Mr. Sifry does a superb job of contextualizing WikiLeaks' moment in history. Mr. Sifry describes as only he can how the Internet has provided a platform for the distribution of information, with results that can be quite discomfiting to those in power. He believes the controversy surrounding WikiLeaks has to do with its spectacular exposure of the contradictions of U.S. government policy: in which the rights of people elsewhere to challenge sovereign power is expressed on the one hand; while on the other hand, little to no tolerance is permitted when its own privileges might seem to have come under scrutiny.

Sharing his own personal experiences, Mr. Sifry discusses many lesser-known web sites that are subtly but inexorably changing politics as we know it. As Mr. Sifry demonstrates, the overall trend has been towards the wider sharing and use of information. Some might be surprised that the author's main concern is not that government and business could ever succeed at putting the information genie back in the bottle; rather it is about the rate at which ordinary citizens can adapt to a new reality in which we have access to much more information than ever before possible.

On that point, Mr. Sifry reopens the WikiLeaks case to discuss its meaning for participatory democracies. Although Mr.
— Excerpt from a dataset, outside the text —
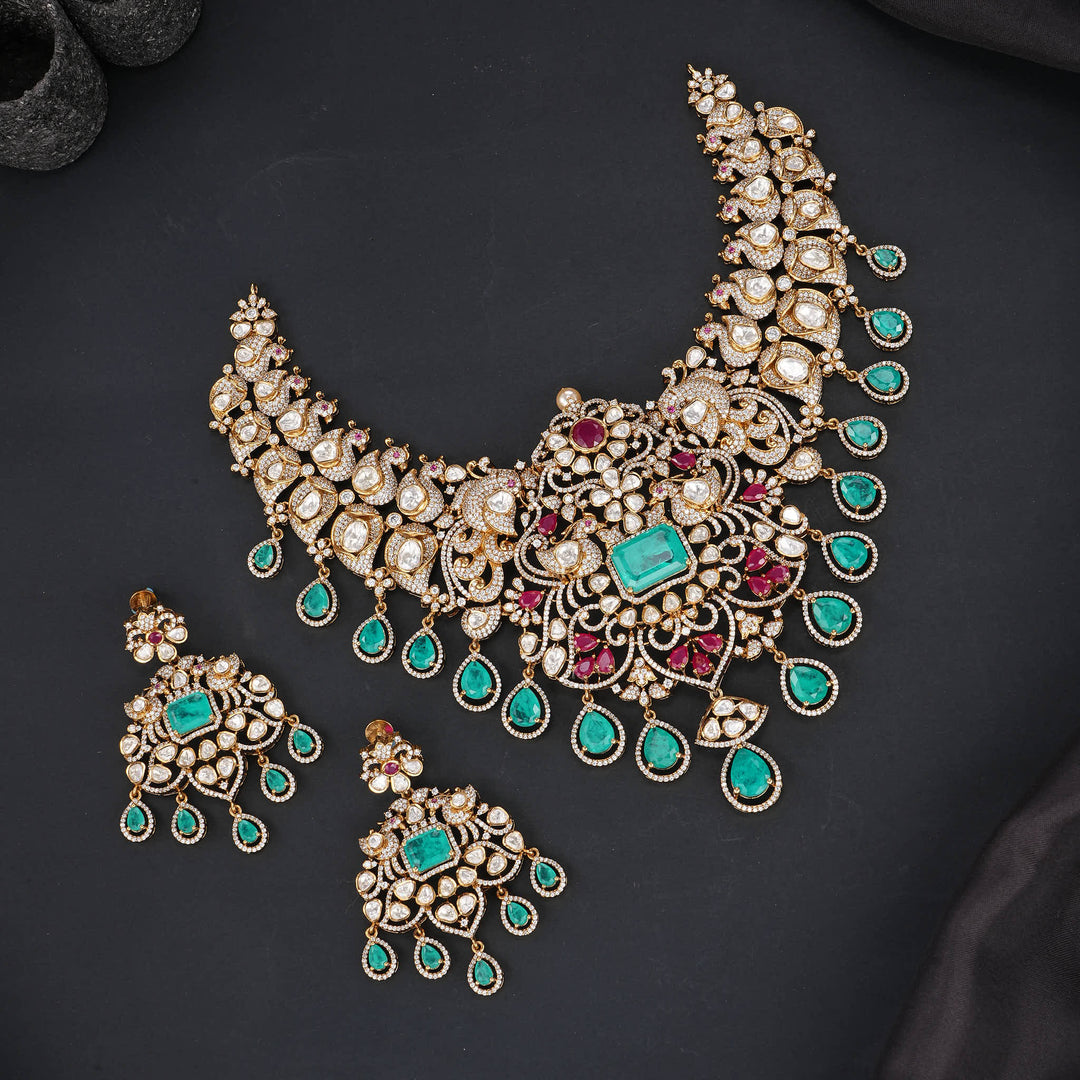 Dazzle Victorian Short Necklace Set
Sifry does not believe that Assange's peculiar personality and WikiLeaks' frequently-changing mission statement has helped its cause, he unreservedly supports the public's right to know what its government is doing. Although it should probably come as no surprise that certain dim wit politicians would lash out at WikiLeaks, the many attempts to prosecute Assange and to close the site does raise concerns about how the public might be able to permanently secure a stable platform for discussing important issues without fear of censorship or reprisal.

I highly recommend this outstanding book to everyone.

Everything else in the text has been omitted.